Wednesday 26 August 2020

Labour, The Left, and The Working Class – A Response To Paul Mason - The Political Situation (4/14)

The Political Situation (4/14) 


But, again, its necessary to look at what the aims of the capitalists are, here, and how it compares with the current situation. The aim, in the 1920's and 1930's, was not reactionary, in the true sense of that term. In other words, the aim was not to turn back the nature of the productive and social relations, as was the aim, for example, of the Sismondists, or the Narodniks, or as is the case today, with the anarcho-capitalists (Libertarians), and Brexiteers. Quite the opposite. The big capitalists knew that the way out of the crises of overproduction was to develop the forces of production further, to organise production on an even larger, even more rational, planned and regulated scale. Even in the 1890's, Lenin comments that capitalists in the West had recognised the need for that. 
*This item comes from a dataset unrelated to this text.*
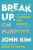 Break Up On Purpose - Kim John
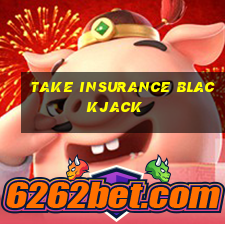 take insurance blackjack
“even the bourgeois, realises that the transition of capitalism to a new social-economic formation is inevitable. 

The socialisation of labour by capital has advanced so far that even bourgeois literature loudly proclaims the necessity of the “planned organisation of the national economy.”” 

(The Economic Content of Narodism, p 445-6) 

They recognised that the capitalist state would have to intervene in that process to an even greater degree than it had already been doing, and they also recognised that the concomitant of this was the need for a single European market. They had in their view not only the process of creating European nation states, undertaken in the 19th century, but also the US Civil War, which created a federal United States as a huge single market, in which the individual states were subordinated to the Federal State. Of course, the big capitalists, still organised, largely, on a national basis, sought to create this single European market under the domination of their own nation state, as France and Prussia had sought to do in the 19th century, and as they continued to try to do in the 20th century. Meanwhile, the global hegemon of the time, Britain, sought, as it had done during the 19th century, to protect its own dominance, by frustrating any such European union, which would quickly have eclipsed its industrial power. The creation of the multinational corporation after WWII, represents that change in material conditions which undermines this causal link between national capital and nation state

The problem for these big money-lending capitalists, however, was precisely that which Marx and Engels had outlined clearly in Capital, and in Anti-Durhing. It is that, with the development of socialised capital, the social function of the capitalist becomes redundant, as had the social function of the landlord with the advent of the capitalist farmer. Yet, the private capitalist, reduced now to the role of owner of fictitious capital, of parasitic coupon clipper, continues to exercise considerable power. The amount of fictitious capital also grows massively alongside the growth of real capital, and indeed becomes itself seen as “real capital”, whilst the real capital becomes seen as merely means of production, commodities set in motion by the entrepreneur/functioning capitalist. The state itself continues to be a capitalist state supporting the interests of these big money-lending capitalists. Even in Germany, which had introduced co-determination laws in the 19th century, giving workers right of representation on company boards, it is shareholders that dominate such decision making bodies, and by these means the interests of the shareholders are enforced. The more it becomes obvious that these capitalists have no useful role to play, the more it becomes obvious to workers that they can introduce the technological revolutions in production, all of the results of Taylorism, required to raise productivity, but also that they can do this at the same time as introducing the planning and regulation of production on a scale that goes way beyond what is possible within the confines of capitalism, which continues to organise production on the basis of production of profit, rather than on the basis of human need. 

That is what the big capitalists cannot allow, because it means the end of them as ruling class. In other words, when this ruling class fraction, in the shape of the big private money-lending capitalists resorts to fascism, or some other strong state means of suppressing the advance of the workers, it is not reactionary, but conservative. It does not seek to turn the clock back to some less mature stage of capitalist development, but seeks to protect its current stage of development, remaining within the confines of capitalism, and preventing any forward march to the next logical stage of development, which is Socialism. It is conservative not reactionary. As Lenin puts it, 

“history (which nobody, except Menshevik blockheads of the first order, ever expected to bring about “complete” socialism smoothly, gently, easily and simply) has taken such a peculiar course that it has given birth in 1918 to two unconnected halves of socialism existing side by side like two future chickens in the single shell of international imperialism. In 1918 Germany and Russia have become the most striking embodiment of the material realisation of the economic, the productive and the socio-economic conditions for socialism, on the one hand, and the political conditions, on the other... 

“. . . State-monopoly capitalism is a complete material preparation for socialism, the threshold of socialism, a rung on the ladder of history between which and the rung called socialism there are no intermediate rungs”” 

(Left-wing Childishness) 

The big money lending capitalists resorted to fascism in order to increase the length of the ladder, rather than allow the step on to the next rung.